→ **EXERCISE DETAILS**
Going through the material below, output exactly the lines from the one containing "Plein Sport Women's" through the one containing "GLODT | Red", and no pictures.

----- MATERIAL FOR THIS EXERCISE -----

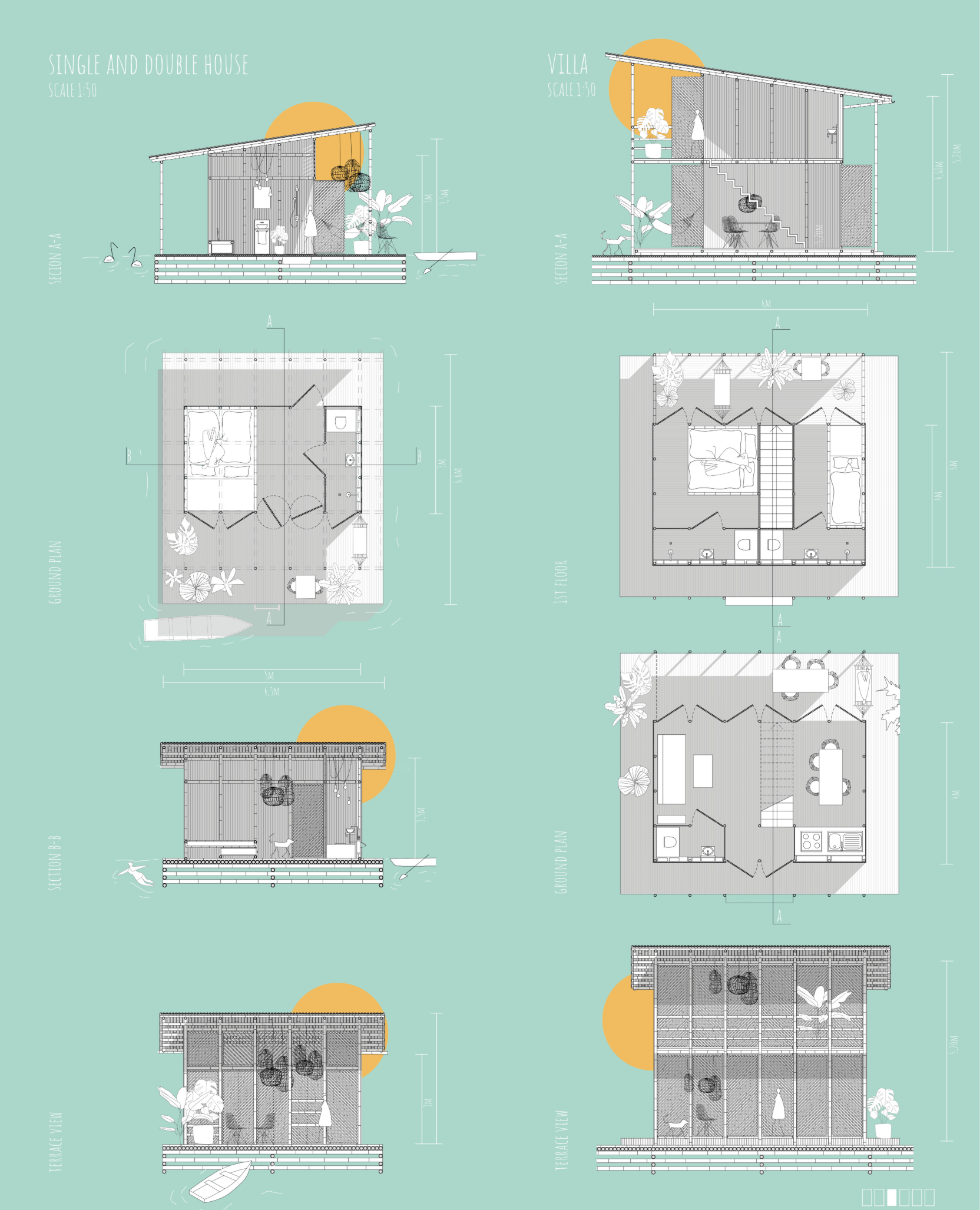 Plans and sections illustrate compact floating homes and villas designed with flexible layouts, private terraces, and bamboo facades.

-----
----- MATERIAL FOR THIS EXERCISE -----

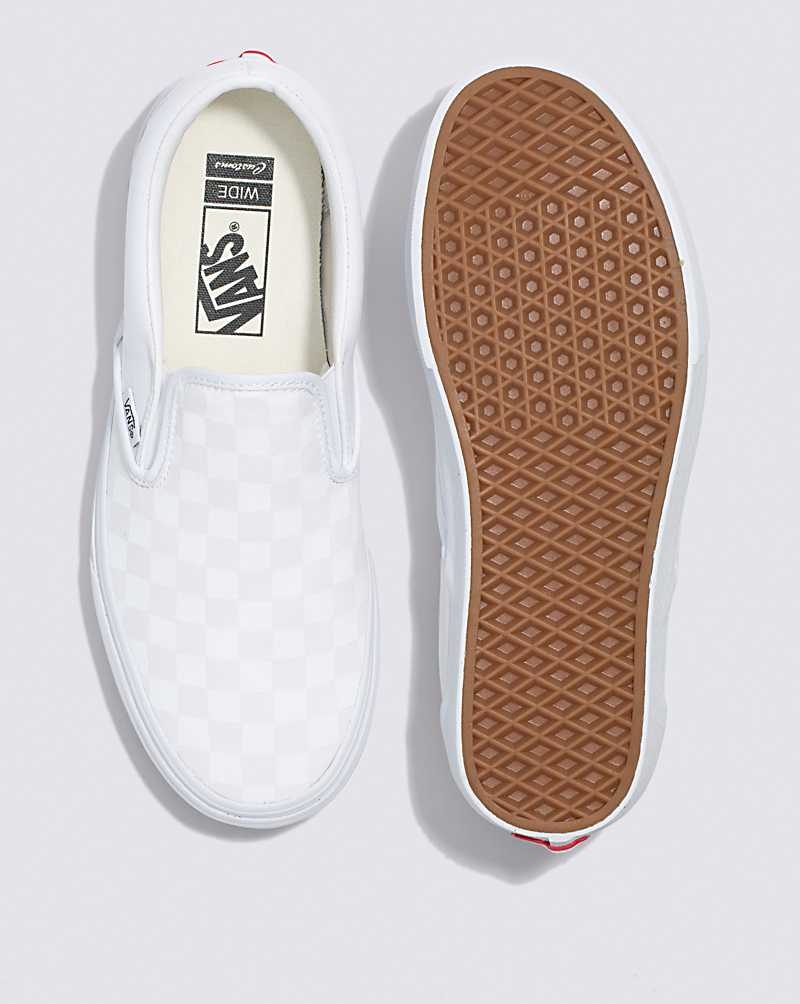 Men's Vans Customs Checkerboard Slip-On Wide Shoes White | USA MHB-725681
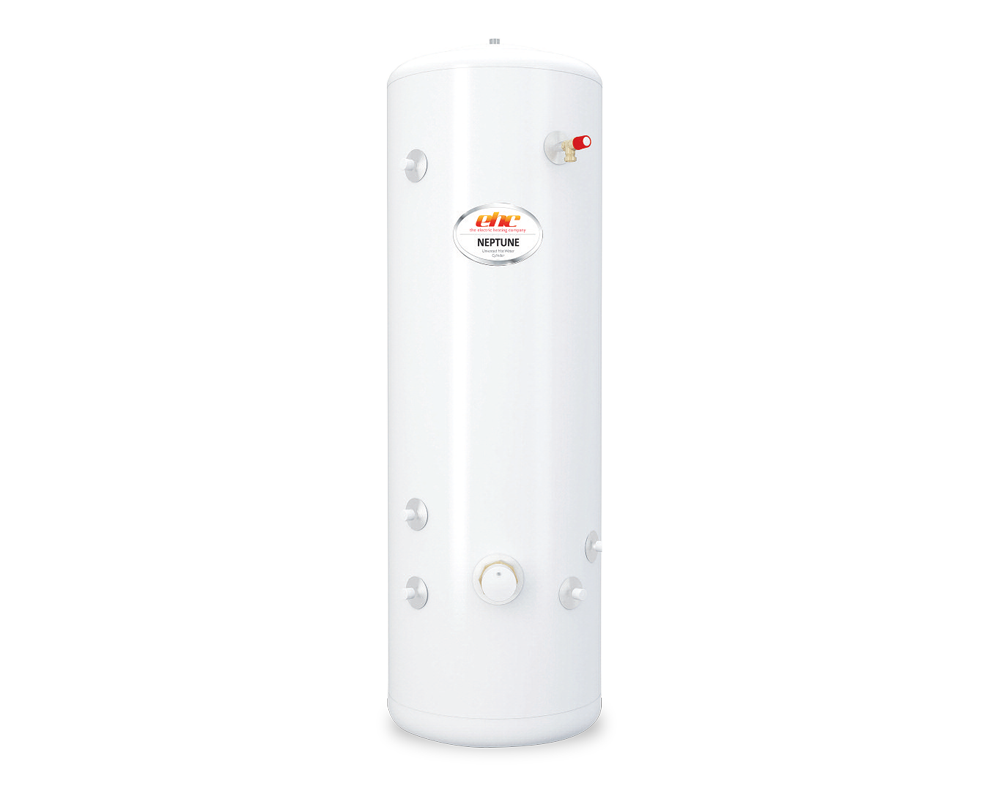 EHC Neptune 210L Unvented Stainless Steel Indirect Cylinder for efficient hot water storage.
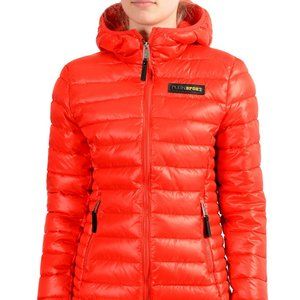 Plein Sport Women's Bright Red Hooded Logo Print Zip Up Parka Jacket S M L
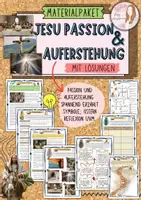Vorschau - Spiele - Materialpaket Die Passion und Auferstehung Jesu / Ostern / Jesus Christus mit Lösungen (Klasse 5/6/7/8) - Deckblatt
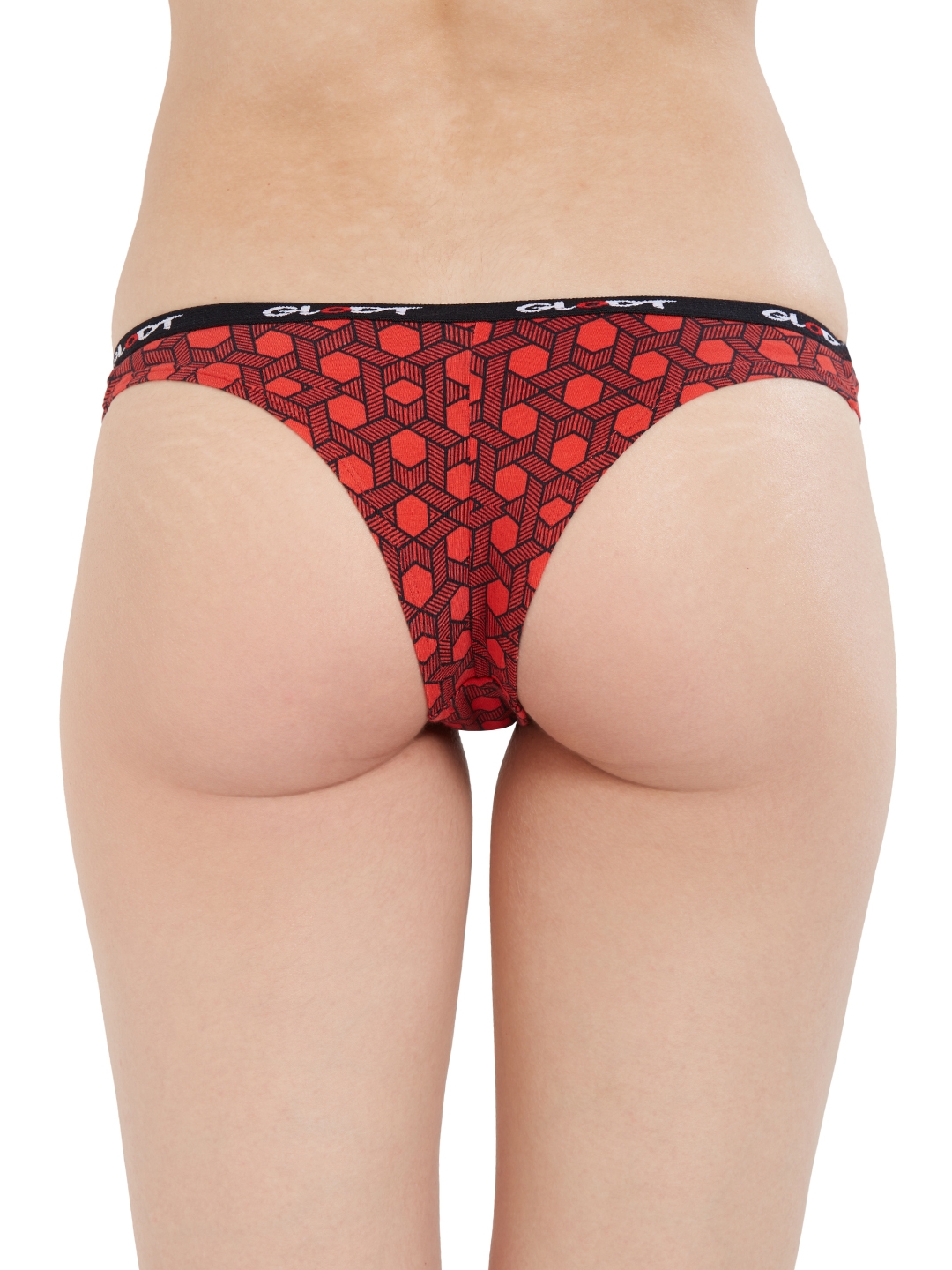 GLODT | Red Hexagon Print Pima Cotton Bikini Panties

-----

→ **COMPLETED TASK**
 Plein Sport Women's Bright Red Hooded Logo Print Zip Up Parka Jacket S M L
Vorschau - Spiele - Materialpaket Die Passion und Auferstehung Jesu / Ostern / Jesus Christus mit Lösungen (Klasse 5/6/7/8) - Deckblatt
 GLODT | Red Hexagon Print Pima Cotton Bikini Panties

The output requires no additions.